Building OCR For Devanagari Handwritten Character

6 minute read

Using Keras, OpenCv, Numpy build a simple OCR.

Contents

Inspiration

Devanagari is popular across India and Nepal. It is also a National font of Nepal so back in 2018 I thought of doing OCR for our font as a project. I had no clue how to do it but I knew some basics of Machine Learning. But I started doing it in 2019 and it ended in 3 months. In the end it became my school project.

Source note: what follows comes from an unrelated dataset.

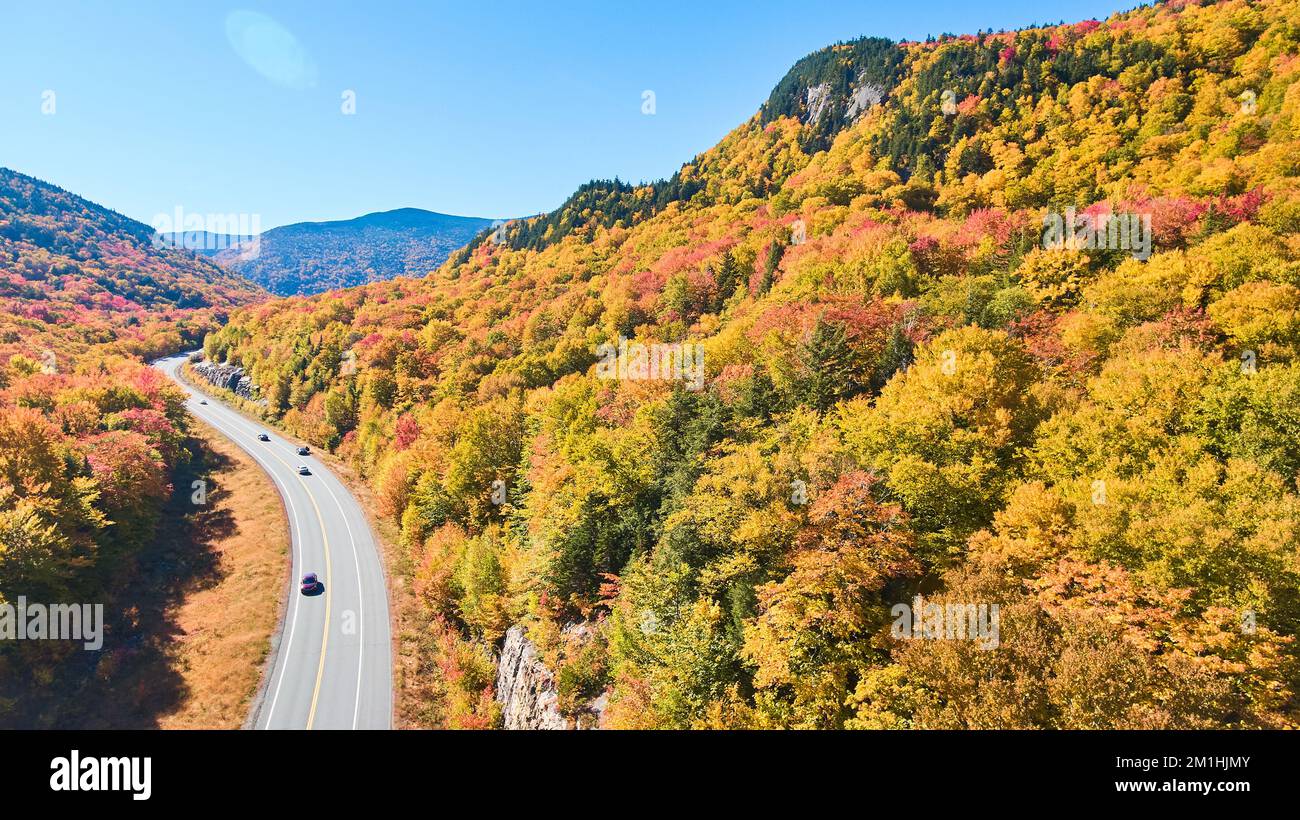 Aerial view of road tucked into New Hampshire mountains covered in peak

Recognition Of Devanagari Character

Requirements

Some basic knowledge on Machine Learning. And for coding, you might need keras 2.X, open-cv 4.X, Numpy and Matplotlib.

Introduction

Devanagari is the national font of Nepal and is used widely throughout India also. It contains 10 numerals(०, १, २, ३, ४, ५, ६, ७, ८, ९) and 36 consonants (क, ख, ग, घ, ङ, च, छ, ज, झ, ञ, ट, ठ, ड, ढ, ण, त, थ, द, ध,न, प,फ, ब, भ, म, य, र, ल, व, श, ष, स, ह, क्ष, त्र, ज्ञ). Some consonants are complex and made by combining some others. However, throughout this project I considered them as single characters.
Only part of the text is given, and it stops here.